Con il notevole tempismo di un solo mese di ritardo, i “soliti” sindacati di polizia hanno scoperto l’esistenza di una canzone di Gianna Nannini che nel proprio videoclip raffigura, col volto di maiali, degli agenti che compiono abusi di potere picchiando a terra delle persone indifese. Una canzone molto impegnata, dal titolo che sembrerebbe un chiaro riferimento a George Floyd (“L’aria sta finendo”), con un videoclip che tocca provocatoriamente molti temi del nostro tempo, dalle questioni ambientali al ruolo dei social network. In Italia ovviamente se ne parla perché ha dato fastidio alle forze dell’ordine. Apriti cielo.

La sagra dell’indignazione tira fuori il vecchio repertorio adatto alle occasioni, quello dei lavoratori in divisa che rischiano la vita per la nostra sicurezza. In caso qualcuno non abbia già detto “mele marce” e “non fare di tutta l’erba un fascio”, entro stasera di sicuro succederà. Se bastasse limitarsi a rispondere con un po’ di malizia, bisognerebbe chiedere ai sindacati di polizia se per loro chi compie abusi indossando una divisa merita o no l’appellativo di porco. Ma andando oltre la malizia e riflettendo nel merito, verrebbero da fare almeno due commenti. Il primo più semplice, il secondo più complesso.

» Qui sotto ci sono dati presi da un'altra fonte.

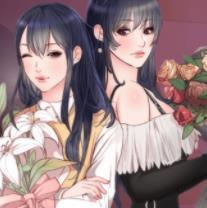 富江漫画全集完整版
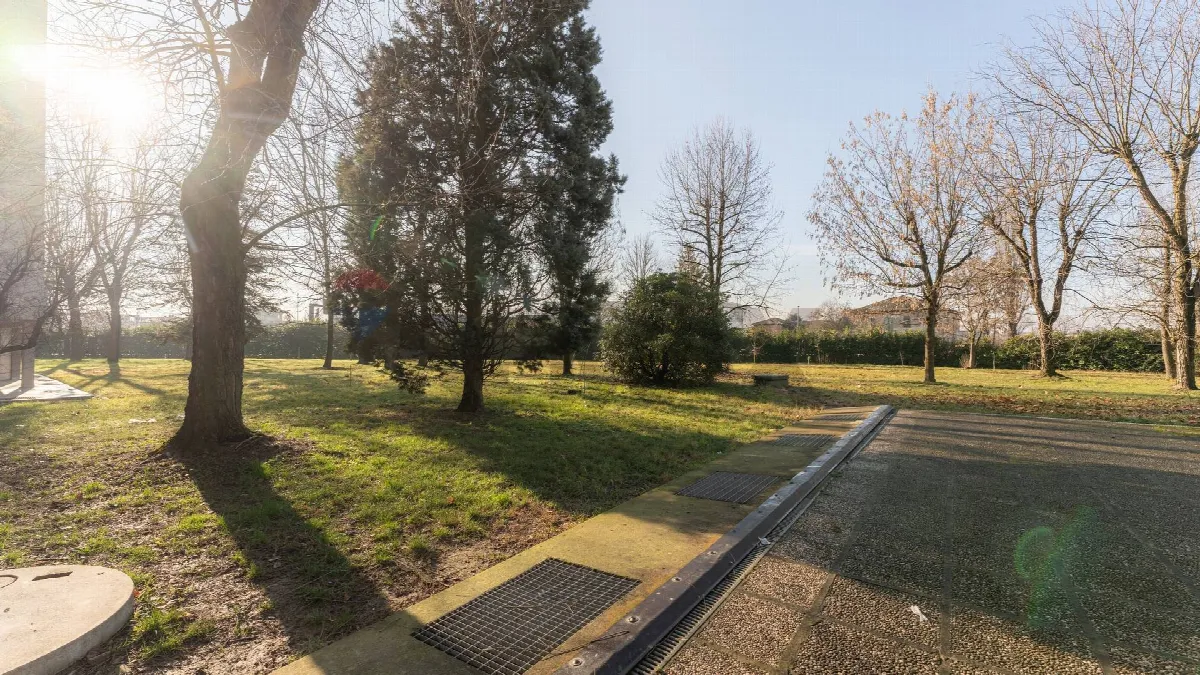 Appartamento in vendita a Carpi, Centro - foto 4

Partiamo dal primo: i vertici delle organizzazioni di polizia che si stracciano le vesti dovrebbero smetterla di insultare la nostra intelligenza e parlare una volta per tutte senza ambiguità. Oggi chiedono di riconoscere il valore di chi sacrifica la propria sicurezza per quella degli altri. Ma non si può chiedere di non cancellare questo aspetto parlando delle “mele marce” se poi ci si comporta costantemente come una corporazione, che le mele marce le copre e le difende finché diventa non più sostenibile. In Italia quando qualcuno muore per abusi subiti dalle forze dell’ordine, il leitmotiv è che se l’è cercata, che la ricostruzione dei fatti è faziosa, che chi cerca di ricostruire la verità sta attaccando le forze dell’ordine in quanto tali per una posizione ideologica. E se poi la verità, troppo spesso occultata o insabbiata, salta fuori in modo innegabile per qualsiasi ragione, la prima cosa che arriva non sono le scuse del corpo armato coinvolto, ma la precisazione che “non siamo tutti così anche se fino a ieri abbiamo fatto di tutto per insabbiare la verità”. Eh no, non funziona.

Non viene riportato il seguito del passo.